##### Materials provided

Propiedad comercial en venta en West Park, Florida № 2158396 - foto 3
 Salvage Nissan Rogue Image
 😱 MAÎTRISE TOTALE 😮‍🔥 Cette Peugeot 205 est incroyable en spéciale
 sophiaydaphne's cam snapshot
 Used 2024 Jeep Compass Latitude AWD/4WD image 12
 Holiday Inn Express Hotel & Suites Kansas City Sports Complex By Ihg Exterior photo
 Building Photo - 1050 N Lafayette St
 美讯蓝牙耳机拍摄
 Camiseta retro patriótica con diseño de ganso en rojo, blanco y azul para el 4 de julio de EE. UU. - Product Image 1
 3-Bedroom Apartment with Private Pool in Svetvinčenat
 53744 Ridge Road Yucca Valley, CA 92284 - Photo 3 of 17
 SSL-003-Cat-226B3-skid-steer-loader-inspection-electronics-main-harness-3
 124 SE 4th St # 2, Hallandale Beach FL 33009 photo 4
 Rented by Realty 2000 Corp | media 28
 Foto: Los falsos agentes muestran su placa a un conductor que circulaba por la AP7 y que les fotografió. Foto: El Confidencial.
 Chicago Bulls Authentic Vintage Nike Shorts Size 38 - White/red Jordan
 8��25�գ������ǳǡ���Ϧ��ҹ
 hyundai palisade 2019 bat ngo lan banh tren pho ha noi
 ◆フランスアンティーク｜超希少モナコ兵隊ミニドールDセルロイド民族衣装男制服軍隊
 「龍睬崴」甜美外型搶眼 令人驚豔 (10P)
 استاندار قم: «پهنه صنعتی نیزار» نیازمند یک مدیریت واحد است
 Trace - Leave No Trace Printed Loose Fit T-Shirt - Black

##########

What to do → Nothing but the exact lines of the data above, from the line containing "124 SE 4th St" through the last, should appear in the answer.

Exercise answer →
 124 SE 4th St # 2, Hallandale Beach FL 33009 photo 4
 Rented by Realty 2000 Corp | media 28
 Foto: Los falsos agentes muestran su placa a un conductor que circulaba por la AP7 y que les fotografió. Foto: El Confidencial.
 Chicago Bulls Authentic Vintage Nike Shorts Size 38 - White/red Jordan
 8��25�գ������ǳǡ���Ϧ��ҹ
 hyundai palisade 2019 bat ngo lan banh tren pho ha noi
 ◆フランスアンティーク｜超希少モナコ兵隊ミニドールDセルロイド民族衣装男制服軍隊
 「龍睬崴」甜美外型搶眼 令人驚豔 (10P)
 استاندار قم: «پهنه صنعتی نیزار» نیازمند یک مدیریت واحد است
 Trace - Leave No Trace Printed Loose Fit T-Shirt - Black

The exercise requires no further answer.